-- Provided material follows --

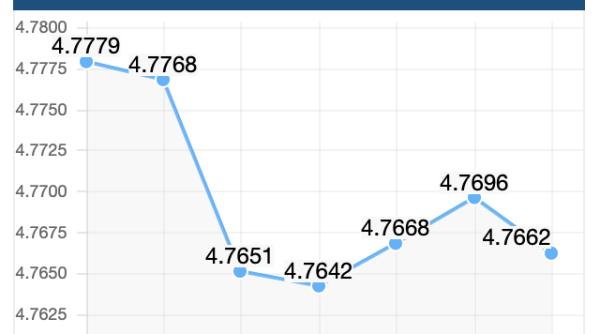 ce se intampla cu leul raport cu euro dolar lira anuuntul bnr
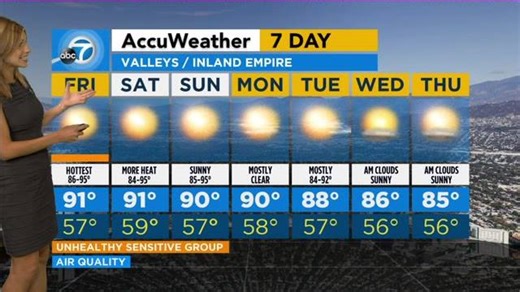 Are you ready for the weekend? Bri Winkler says it'll be a warm one! | ABC7 Morning Show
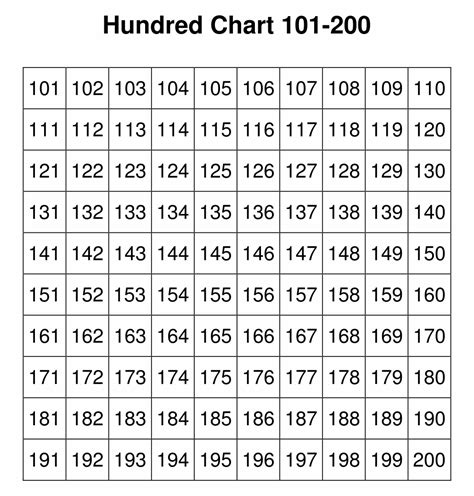 5 Best Images Of Printable Number Grid To 500 Printable Number Chart | Images and Photos finder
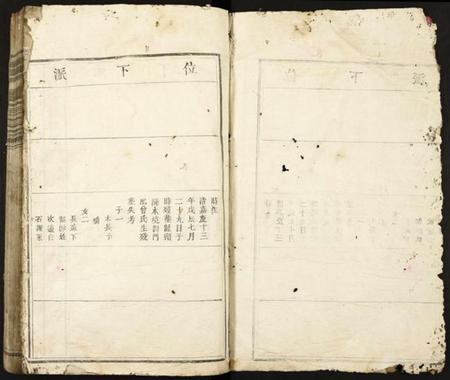 江西李氏族谱-李氏重修族谱.pdf电子版插图4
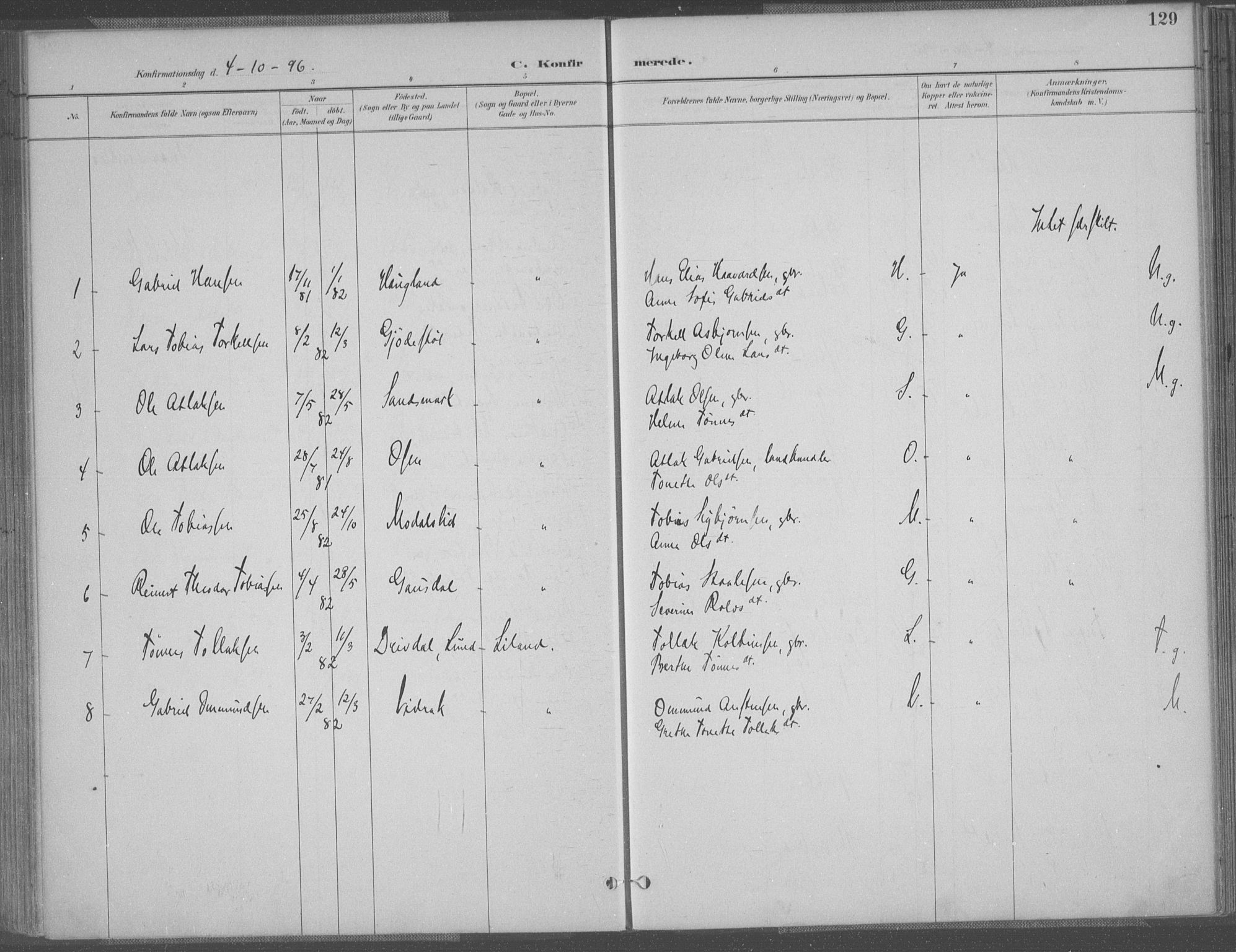 Bakke sokneprestkontor, SAK/1111-0002/F/Fa/Faa/L0008: Parish register (official) no. A 8, 1887-1911, p. 129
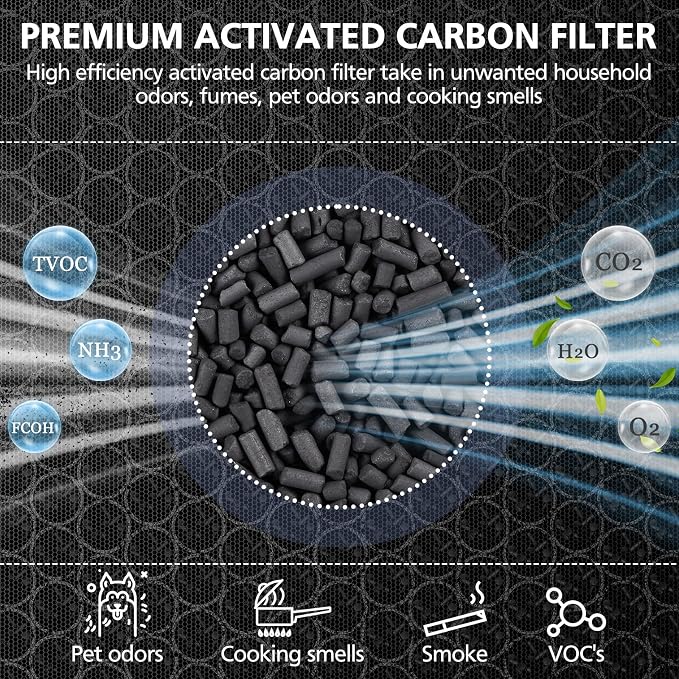 4 Pack G3 Air Purifier Repalcement Filter Compatible - Image 8
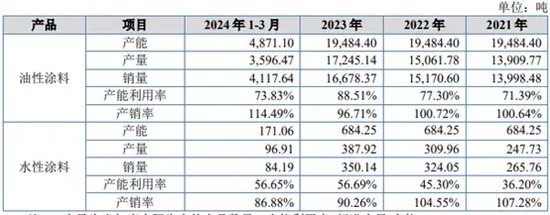 雅图高新IPO：改道又改道！研发费用率低于同行均值！毛利率却逆势上涨，和同行不一样！募资合理性成疑！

-- Provided material concluded --

> _Task goal_: The records above need to be copied exactly, though not their pictures.

> _Your response_:
 ce se intampla cu leul raport cu euro dolar lira anuuntul bnr
 Are you ready for the weekend? Bri Winkler says it'll be a warm one! | ABC7 Morning Show
 5 Best Images Of Printable Number Grid To 500 Printable Number Chart | Images and Photos finder
 江西李氏族谱-李氏重修族谱.pdf电子版插图4
 Bakke sokneprestkontor, SAK/1111-0002/F/Fa/Faa/L0008: Parish register (official) no. A 8, 1887-1911, p. 129
 4 Pack G3 Air Purifier Repalcement Filter Compatible - Image 8
 雅图高新IPO：改道又改道！研发费用率低于同行均值！毛利率却逆势上涨，和同行不一样！募资合理性成疑！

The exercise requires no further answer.